◆ Task instructions:
The pictures stay out; all of the data is to be printed exactly.

◆ Provided records:
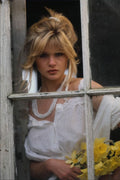 690021 Girl In White Dress Looking Through Window A4 Photo Print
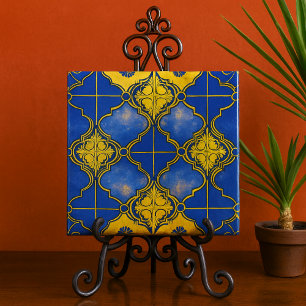 Marokkaans Patroon Vierbladen Blauw en Goud Tegeltje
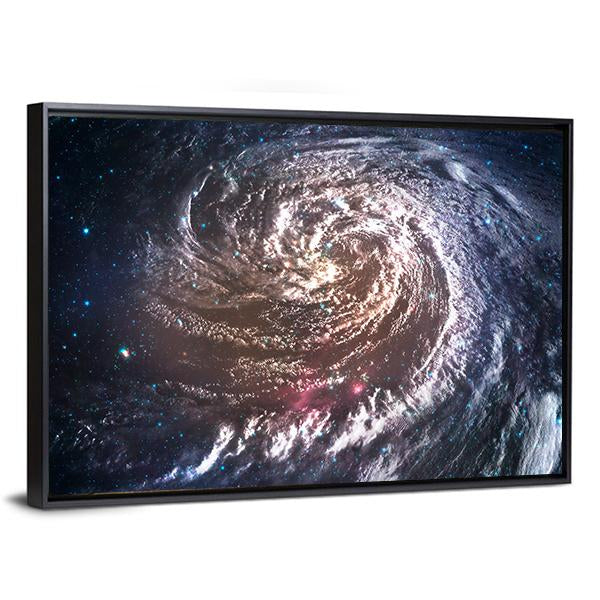 Beautiful Spiral Galaxy In Deep Space Canvas Wall Art-3 Horizontal-Gallery Wrap-25" x 16"-Tiaracle
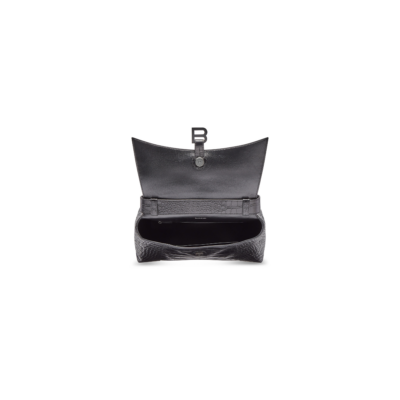 WOMEN'S DOWNTOWN MEDIUM SHOULDER BAG CROCODILE EMBOSSED IN BLACK
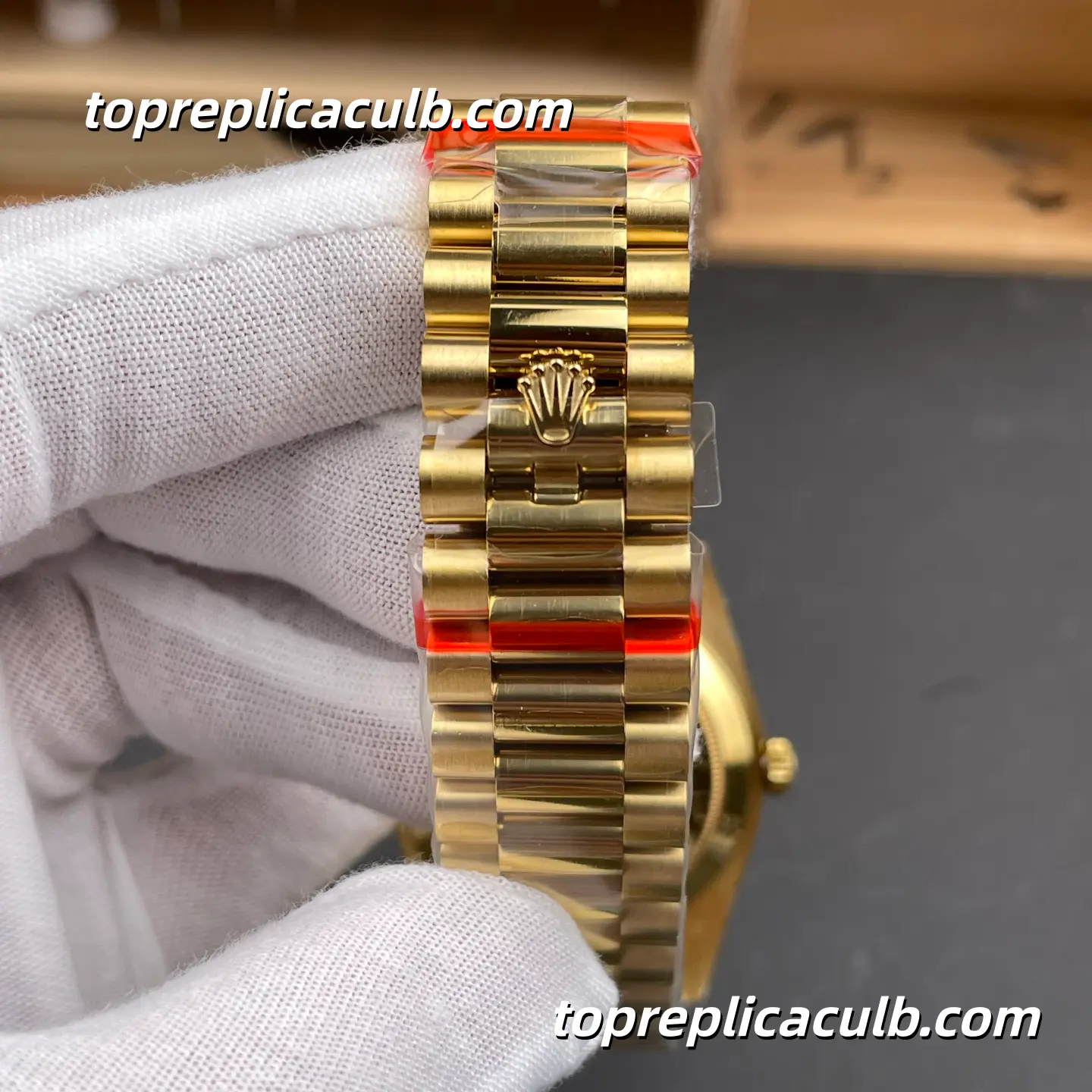 Rolex Day-Date M228348RBR-0001 40MM Black Dial Diamond Bezel Yellow Gold President Bracelet Super Clone Watch - Image 8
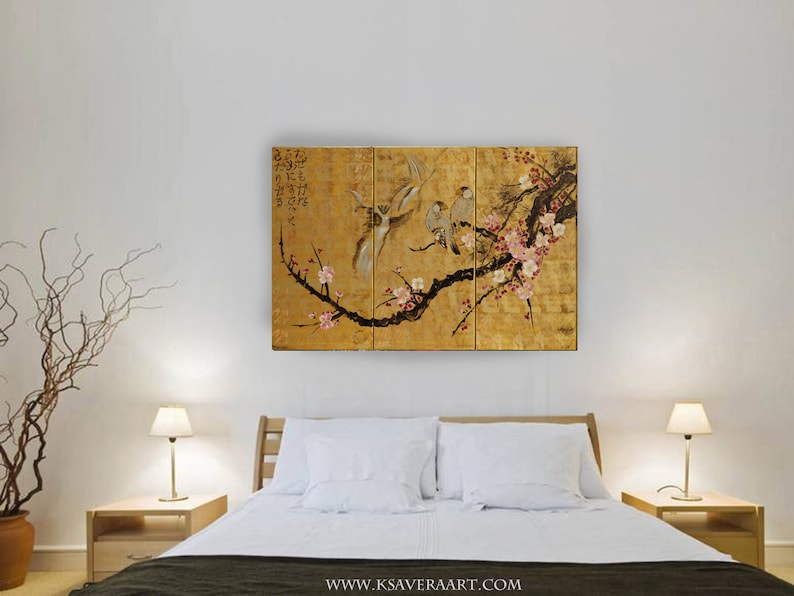 Japan art cherry blossom and love birds Japanese style Zen painting J135 Large paintings acrylic gold wall art by artist Ksavera image 4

◆ Result of the task:
 690021 Girl In White Dress Looking Through Window A4 Photo Print
 Marokkaans Patroon Vierbladen Blauw en Goud Tegeltje
 Beautiful Spiral Galaxy In Deep Space Canvas Wall Art-3 Horizontal-Gallery Wrap-25" x 16"-Tiaracle
 WOMEN'S DOWNTOWN MEDIUM SHOULDER BAG CROCODILE EMBOSSED IN BLACK
 Rolex Day-Date M228348RBR-0001 40MM Black Dial Diamond Bezel Yellow Gold President Bracelet Super Clone Watch - Image 8
 Japan art cherry blossom and love birds Japanese style Zen painting J135 Large paintings acrylic gold wall art by artist Ksavera image 4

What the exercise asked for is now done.